Wednesday, January 20, 2010

BEFORE I GET TO THE HAPPY THINGS

I’m not sure this a thing that makes me happy but it is something that moves me greatly.

Taken from Stones into Schools by Greg Mortenson who also wrote Three Cups of Tea. The poem was written by former mujahadeen Sadhar Khan a village/district headman in the far northeastern area of Afghanistan known as the Wakhan corridor. He wanted to be a historian and a poet before he had to become a warrior.
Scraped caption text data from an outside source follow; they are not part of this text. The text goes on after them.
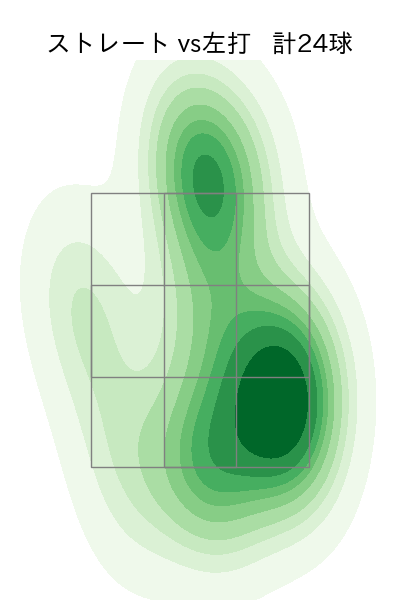 勝野 昌慶 配球ヒートマップ(2024年7月)
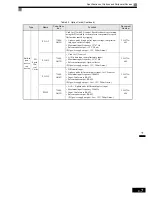 Preview for 388 page of Omron VARISPEED G7 - Instruction Manual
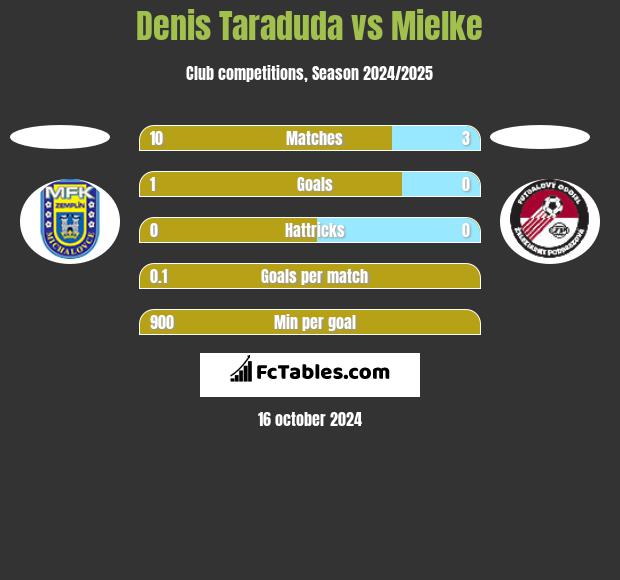 Denis Taraduda vs Mielke h2h player stats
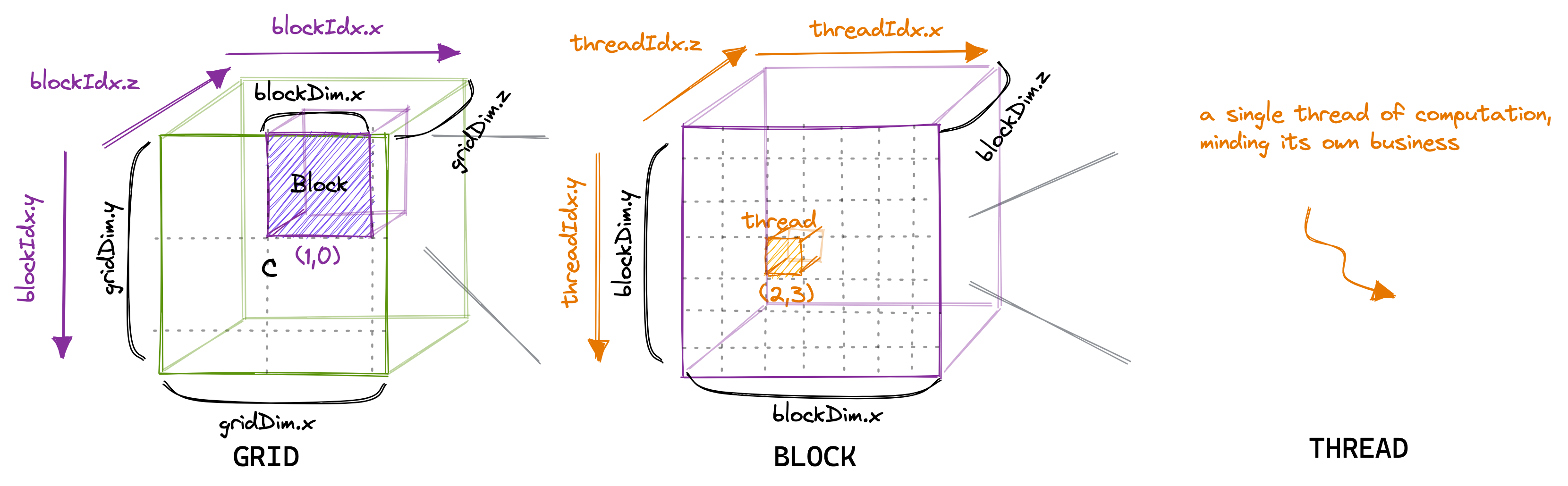 3D grid hierarchy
Sadhar Khan fought the Soviet and then he fought the Taliban, almost thirty years of war. The river runs by the path Khan takes when he goes to prayer. He took Mortenson with him one day; they stopped to watch the water. Mortenson asked him how he found the time to sit by the river in the midst of his very busy days. For the next two hours Sadhar Khan told the stories of thirty years of war. The friends and family that had been lost to both the Soviets and the Taliban. Land mines, destroyed crops, wrecked houses and schools. When Mortenson came back the next year to work on the school being built near Baharak he was given this poem.

You wonder why I sit,
Here on this rock,
By the side of this river,
Doing nothing?

There is so much work to be done for my people.
We have so little food,
We have so few jobs,
Our fields are in shambles
And still there are landmines everywhere.

So I am here to listen to
The quiet,
The water,
And the singing trees.

This is the sound of peace
In the presence of Allah.
After thirty years as a mujahadeen,
I have grown old from fighting.
I resent the sounds of destruction.

I am so weary of war.

Sadhar Khan.

Perhaps Sadhar Kahn listens to the water for all the villagers and friends who can’t listen to the river anymore.
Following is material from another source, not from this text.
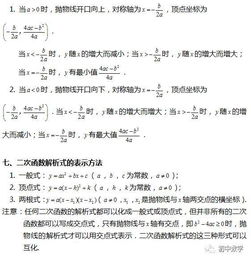 知識點(diǎn),函數(shù),基礎(chǔ)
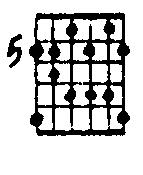 OBS: Esperimente o efeito out dessa penta dim4 ( T3b45b6) repetindo a cada 1 ½ tom. O mesmo desenho.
P.S. I did catch Mr. Mortenson on Bill Moyers last Friday. It was a great program.

2 comments:

marigolds2 said...

Greg Mortenson was on Bill Moyers' Journal last Friday night. It was quite moving just to listen to this man. He is a living saint, I am quite sure. You can catch the show on Bill Moyers website, let me know if you need the link. He loves those people, it is very clear. This is a lovely poem, Jackie, extremely moving. Thank you.

Anonymous said...

This poem just says it all. Thank you for sharing this. What are we going to do without Bill Moyers?